Gauguin to Warhol at The San Diego Museum of Art
Walking through the Gauguin to Warhol exhibition at The San Diego Museum of Art resembles the Impressionist to Present art history course I teach at Fullerton College. It covers some of the most significant periods of art history from the Post Impressionist period featuring work by Paul Gauguin and George Seurat to the Pop art movement presenting important pieces by Andy Warhol and Roy Lichtenstein. Even those who have never taken an art history class can appreciate the iconic works on view by artists such as Vincent van Gogh, Pablo Picasso and Frida Kahlo, and the mini Modern art history lesson.
What makes the show great for kids is the fantastic interactive section that allows children to draw shapes they saw in the artwork, create gestural drawings on a white board and learn about texture through crayon rubbings. My seven month old daughter and I really enjoyed the dramatic colors and movement in the monumental Jackson Pollock painting in the Abstract Expressionist section that we tried to emulate on the white board and in our drawing.
Ingenious! The World of Dr. Seuss at San Diego History Center
Down the promenade from The San Diego Museum of Art is San Diego History Center, a museum that educates the public about the history of San Diego and its artists. Many people might not know the famed Dr. Seuss, Theodor Geisel, was a La Jolla native. Dr. Seuss was an innovative author and illustrator who inspired creativity and imagination in his readers. The exhibition Ingenious! The World of Dr. Seuss is perfect for kids and adults of all ages.
There are many interactive family-friendly activity areas where you can create your own Seuss object, draw pictures, create words, write letters and read one of the many Dr. Seuss books they have available. Another great feature of the exhibition is the life-size figurative sculptures such as the ever popular Grinch, the Turtle tree, and the Lorax that kids CAN touch (my baby girl Keira especially loved touching the art;). I also appreciated the separate gallery featuring an engaging collection of original paintings and prints by Dr. Seuss.

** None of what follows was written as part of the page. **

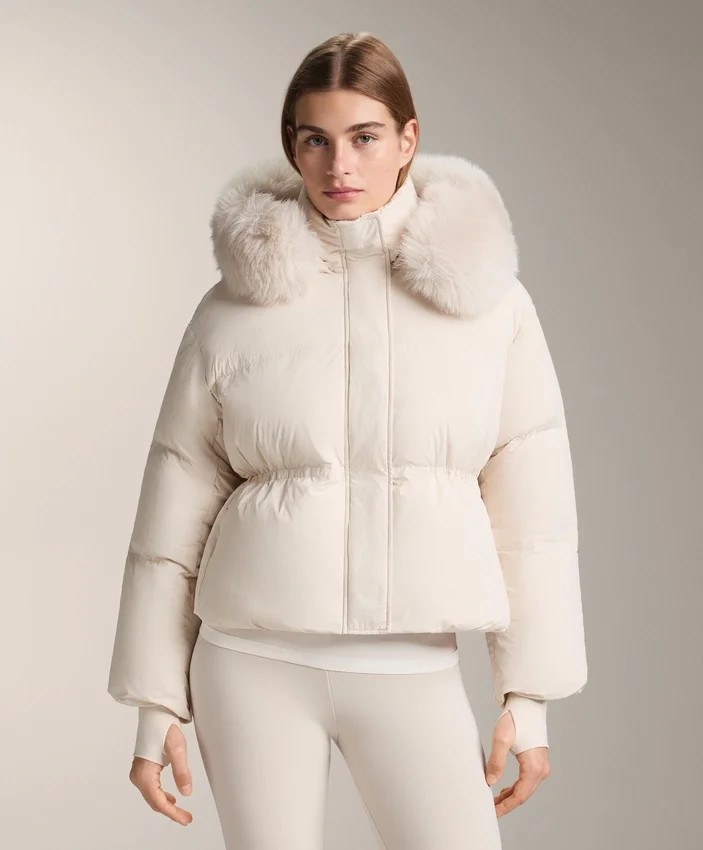 Kurze, zu 100 % mit Daunen gefütterte Jacke Kurze, zu 100 % mit Daunen gefütterte Jacke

He was a phenomenal surrealist and the exhibition pays tribute to his artistic talents.
Spend the Day in Balboa Park – Where to Have Lunch with Kids
My recommendation is to see the Gauguin to Warhol exhibit, then have lunch at Panama 66 located in The San Diego Museum of Art Sculpture Court, where they provide blankets for a picnic lunch in the Sculpture Garden (perfect for kids that need to move around), then head over to the San Diego History Center for the Dr. Seuss show. Don't forget to visit the SDHC gift store, I found some great Dr. Seuss books for my little one;) Have a fun day at Balboa Park!